» **Records for this exercise**:
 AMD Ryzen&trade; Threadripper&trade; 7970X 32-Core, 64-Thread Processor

--

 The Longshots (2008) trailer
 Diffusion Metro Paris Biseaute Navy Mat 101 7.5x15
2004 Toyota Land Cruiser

» **What is needed**:
In the listing above, find the line with "Diffusion Metro Paris" and the line with "2004 Toyota Land Cruiser". Output those two lines and every line between them, exactly as written.

» **Reply**:
 Diffusion Metro Paris Biseaute Navy Mat 101 7.5x15
2004 Toyota Land Cruiser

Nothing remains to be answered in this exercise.